Final answer:
Sales tax is not considered a mandated deduction; it is a state-level tax paid at the time of purchase, unlike deductions such as Medicare, federal income, and Social Security taxes, which are withheld from paychecks by employers. Self-employed individuals are responsible for both the employee and employer portions of Social Security and Medicare taxes. Social Security tax is regressive as it is capped at a certain income level.
Step-by-step explanation:
The item that is not considered a mandated deduction from the options provided is sales tax. Mandated deductions typically include taxes that are withheld from an individual's paycheck by the employer. These deductions usually consist of Medicare tax, federal income tax, and Social Security tax, among others. These are mandatory because they are required by law and used to fund governmental programs like Social Security and Medicare.
Sales tax, on the other hand, is a tax on the purchase of goods and services and is not deducted from one's paycheck by an employer. It is a state-level tax that varies by location and is paid directly by consumers at the point of sale. Therefore, it is not a part of the list of deductions that come out of an individual's income through the payroll system.

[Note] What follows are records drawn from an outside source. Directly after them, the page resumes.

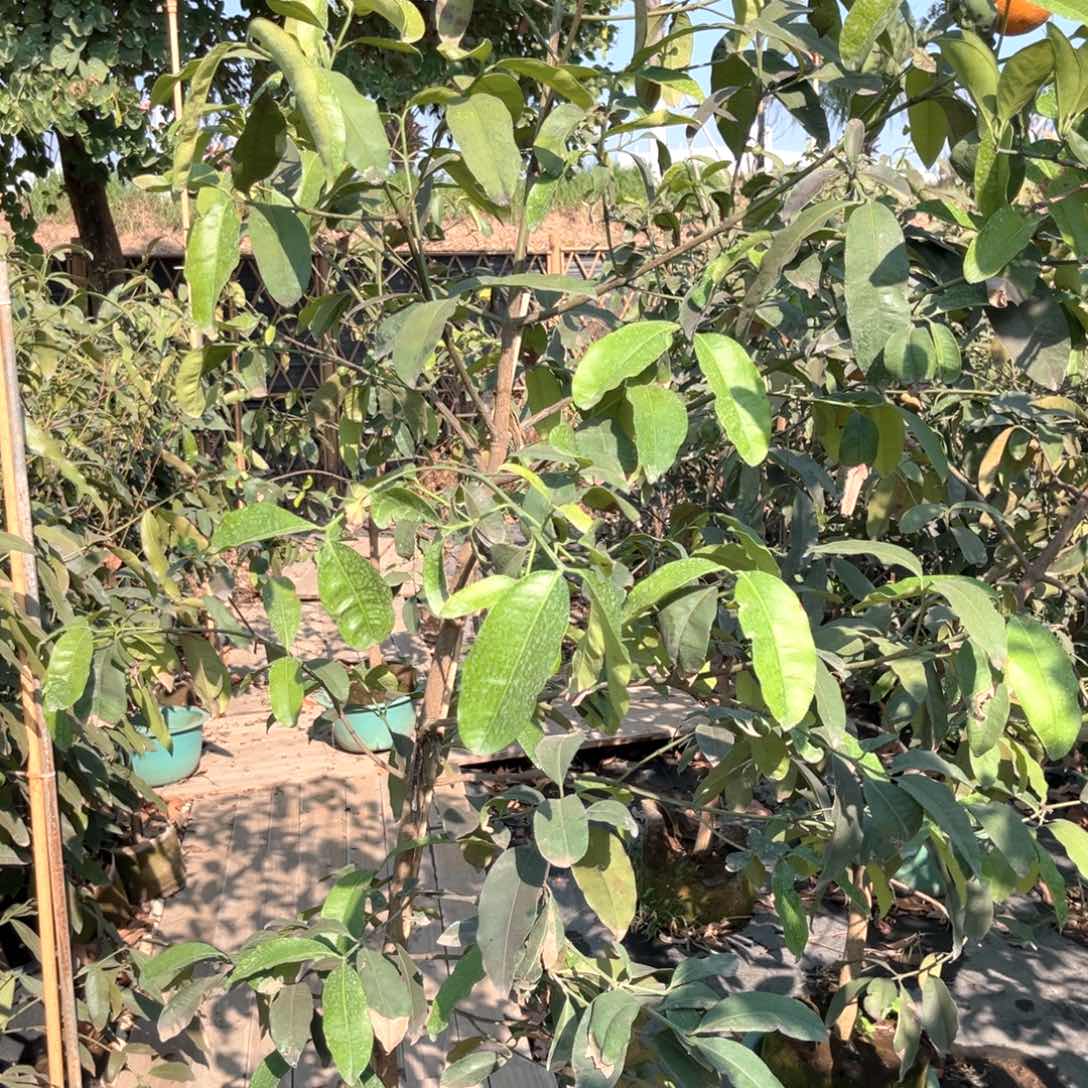 无花朵用****3果树8888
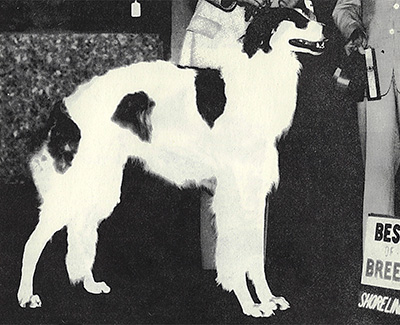 1978 Dog, Open - 3rd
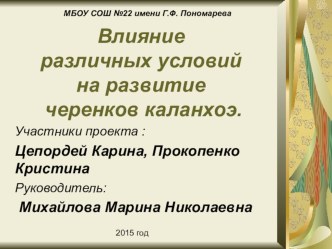 Исследовательская работа по окружающему миру проект по окружающему миру (4 класс) по теме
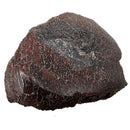 Dinosaur Bone Fragment - Fossil Specimen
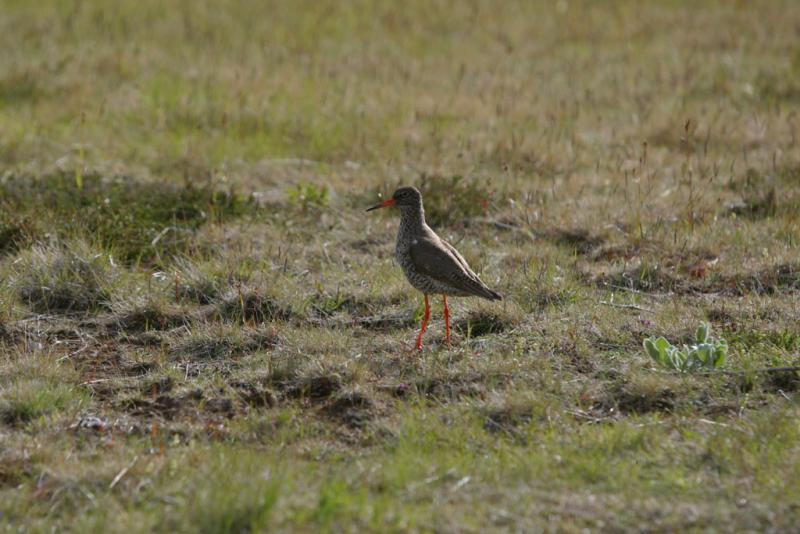 An attentive Redshank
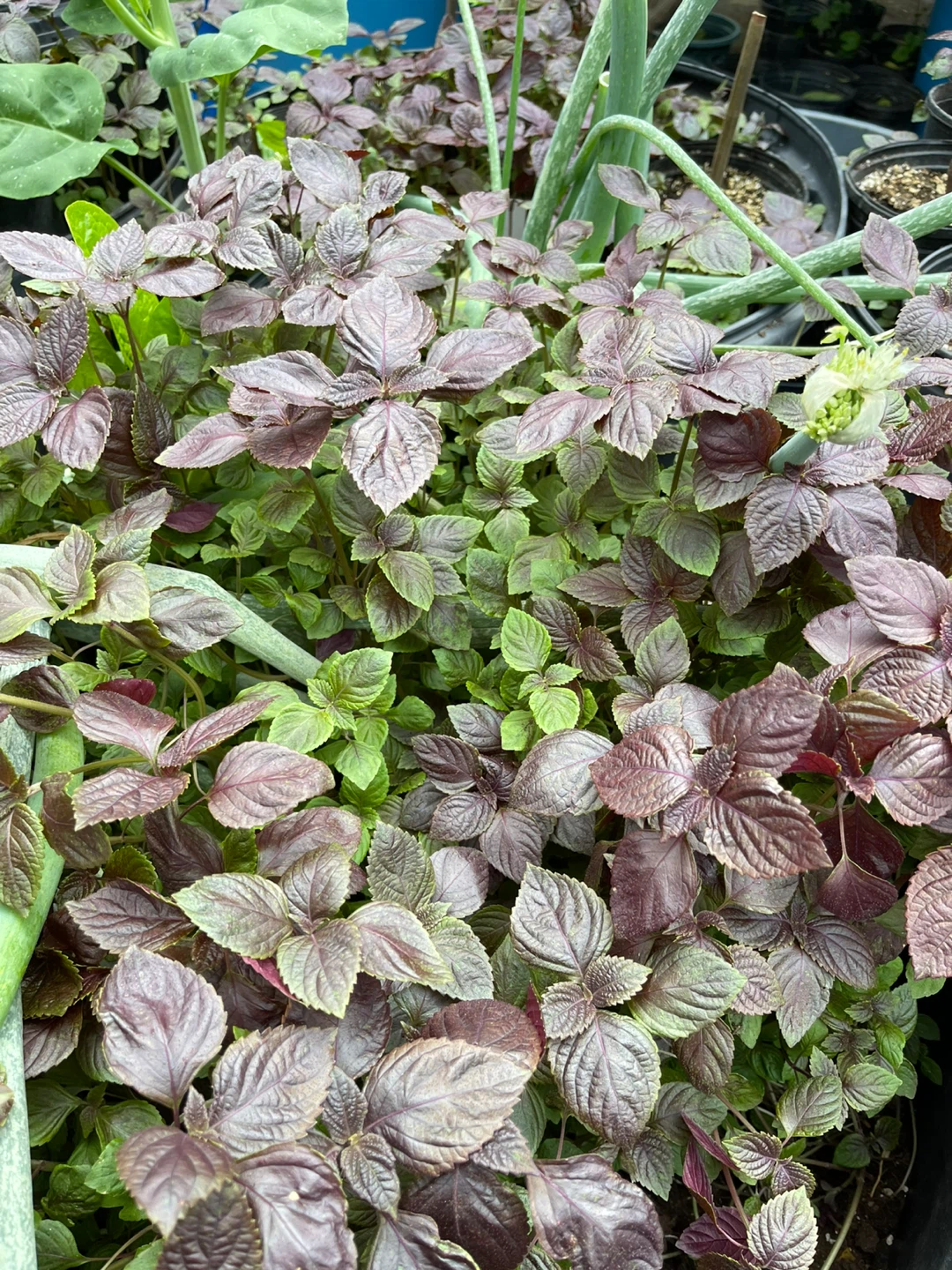 Purple Shiso Plant - photo 2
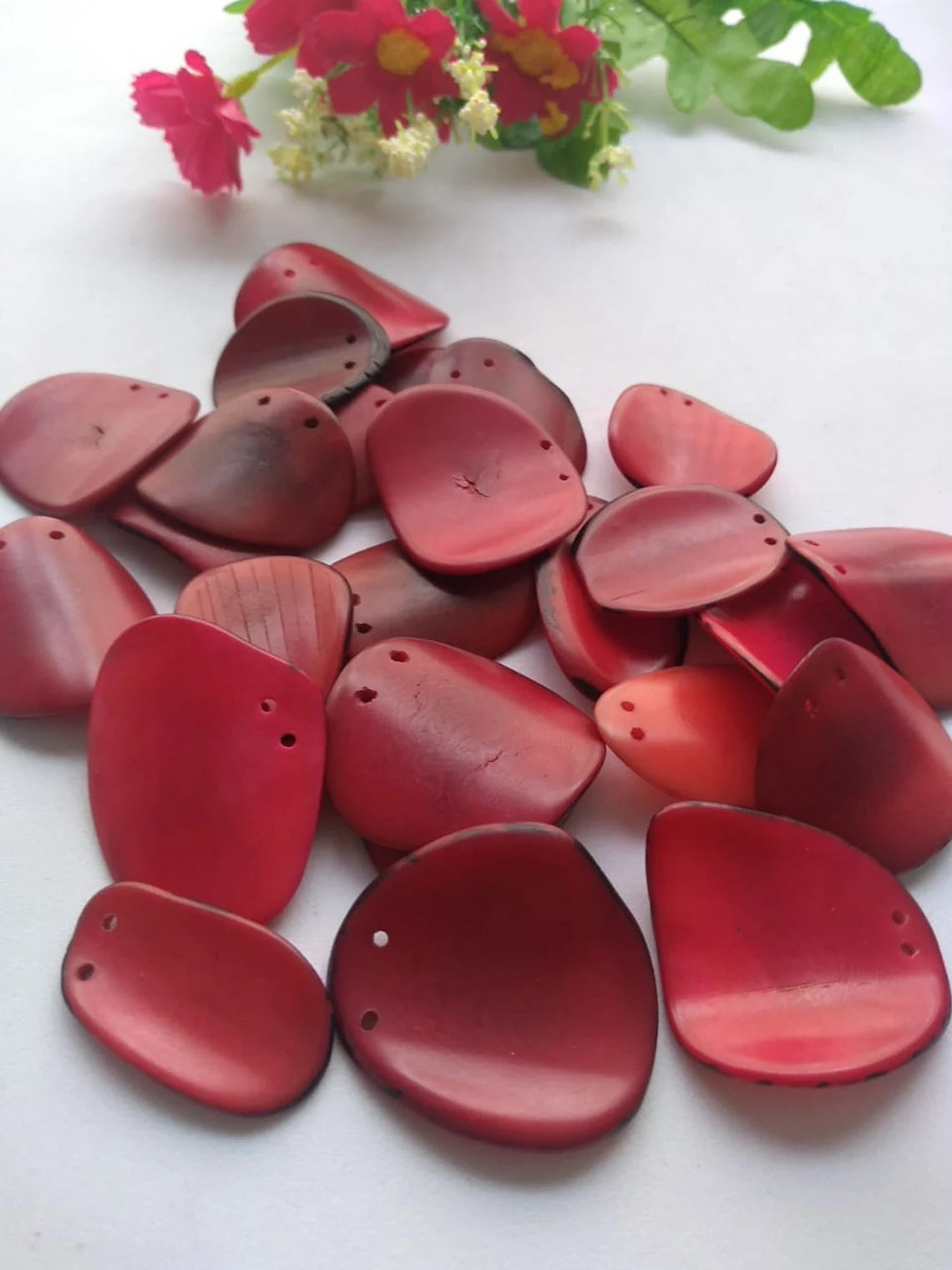 Tagua Chip Slices Beads. 20 Red Pieces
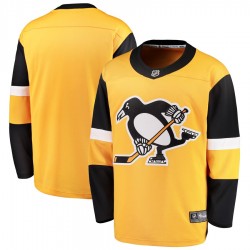 Replica NHL Fanatics Branded Alternate Jersey Pittsburgh Penguins SR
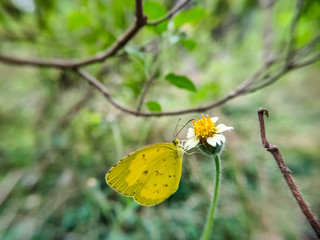 Yellow buffterfly on yellow flower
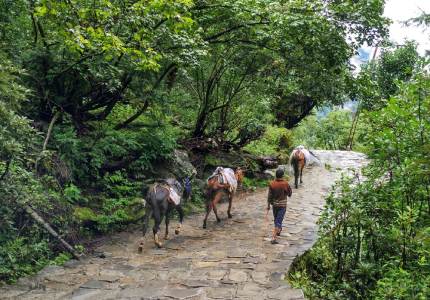 Hemkunt Sahib Tour from Chandigarh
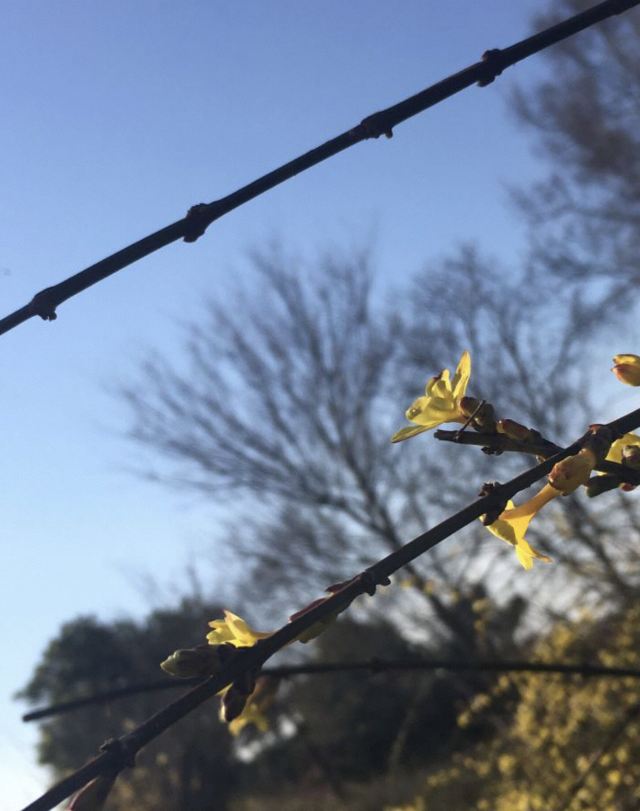 安庆市菱湖风景区旅行图片 2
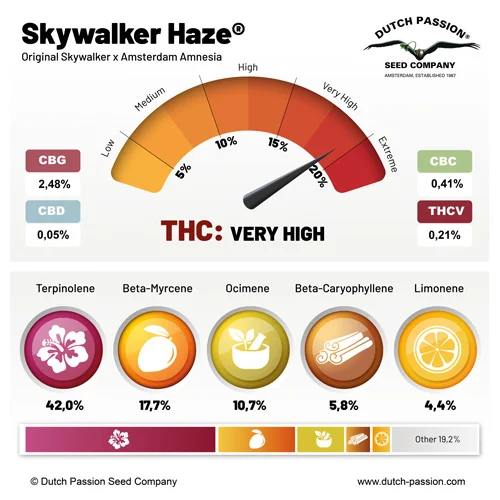 Skywalker Haze cannabinoid and terpene profile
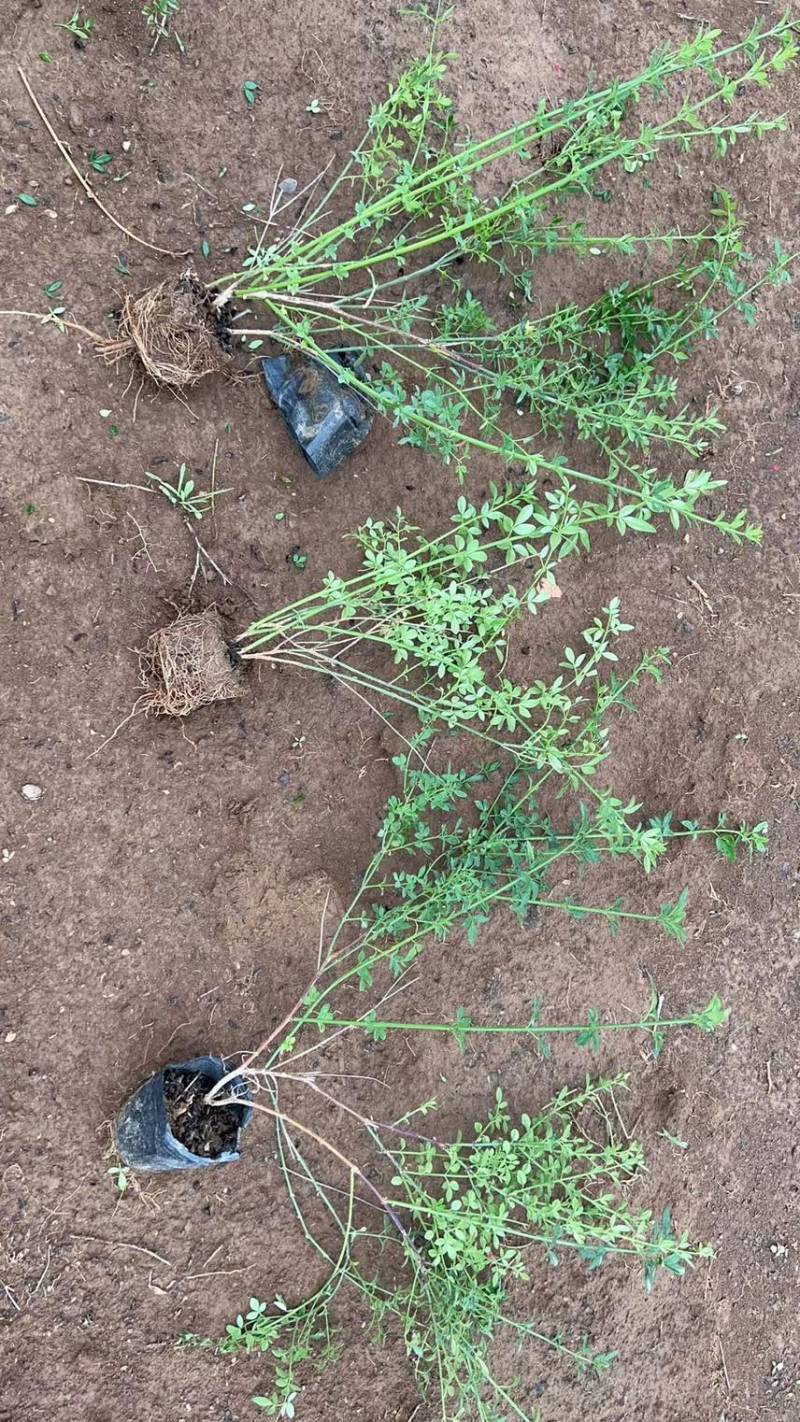 迎春花种植基地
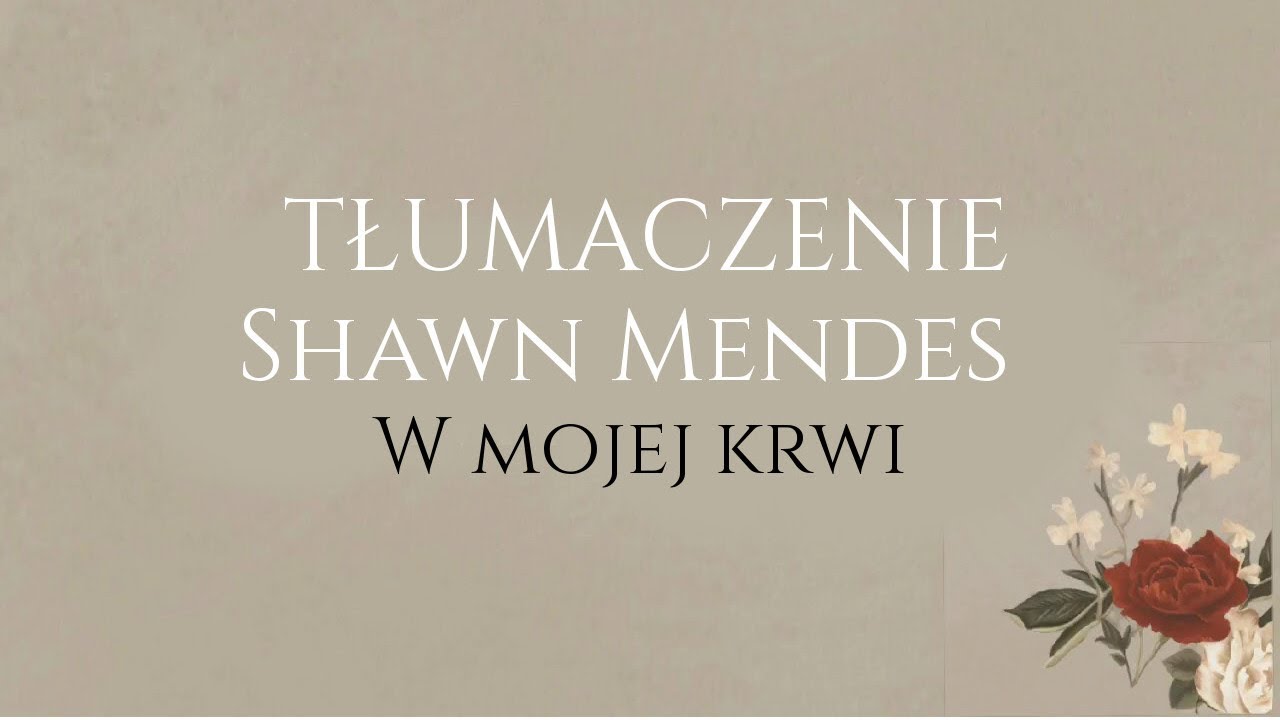Shawn Mendes - In my blood TŁUMACZENIE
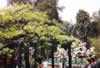 The Forbidden City Garden (68,342 bytes)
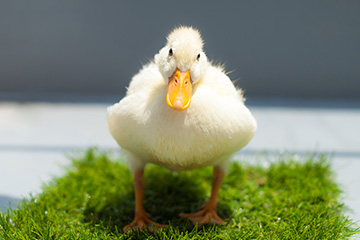 コールダックの飼い方は？値段や寿命、なつくかどうかや注意点も解説！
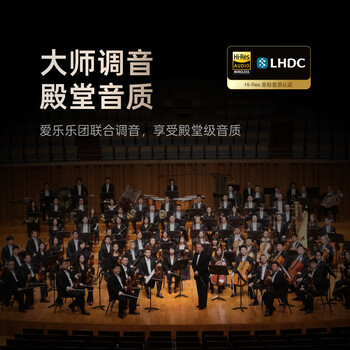 科大讯飞AI会议降噪无线蓝牙耳机Pro 3 黑金【尊享版】录音翻译智能入耳式 适配苹果华为小米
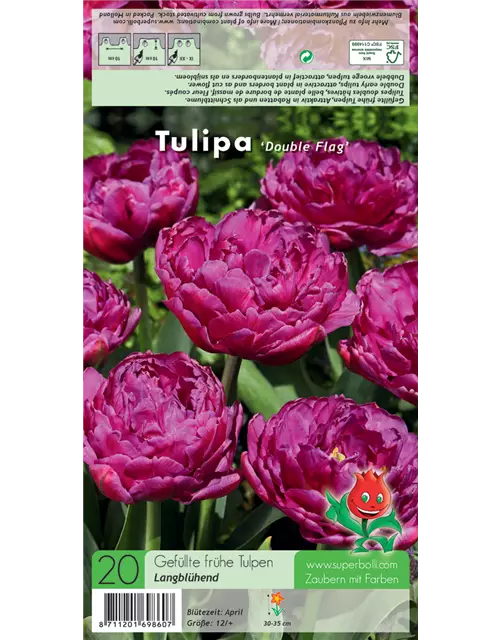 Tulpe 'Double Flag'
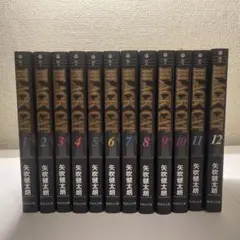 BLACK CAT 全12巻セット (集英社文庫(コミック版))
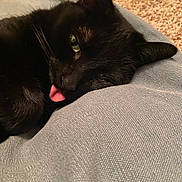 Timmy joined the competition — help win amazing prizes! black_cat, cat, pet, animal, sleeping, tongue_out, close_up, indoor, cozy, texture, fabric, whiskers, ear, eye, cute, resting, relaxed, feline, soft, domestic_cat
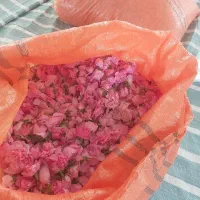فروش گل محمدی خرده و عمده درجه یک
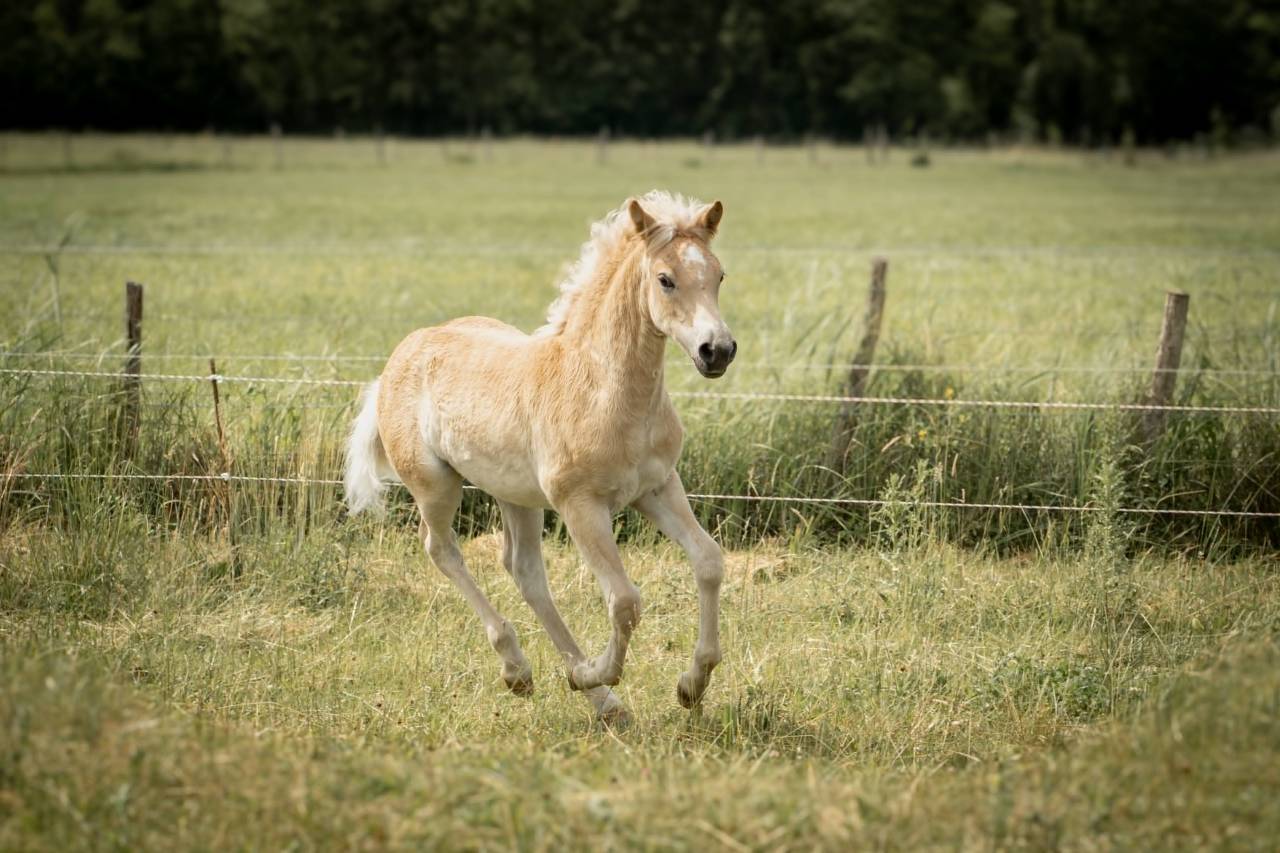 Pouliche haflinger PP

For individuals who are self-employed, they are responsible for paying both the employee and employer portion of Social Security and Medicare taxes, also known as self-employment tax. The self-employment tax rate combines the usual 6.2% Social Security tax and 1.45% Medicare tax, for a total of 15.3% on the first $113,000 of income (as of the knowledge cutoff date).
The Social Security tax is a regressive tax because it is capped at a certain income level. Above that level, no Social Security tax is levied on additional income, which means higher-income earners pay a smaller percentage of their total income compared to lower-income earners.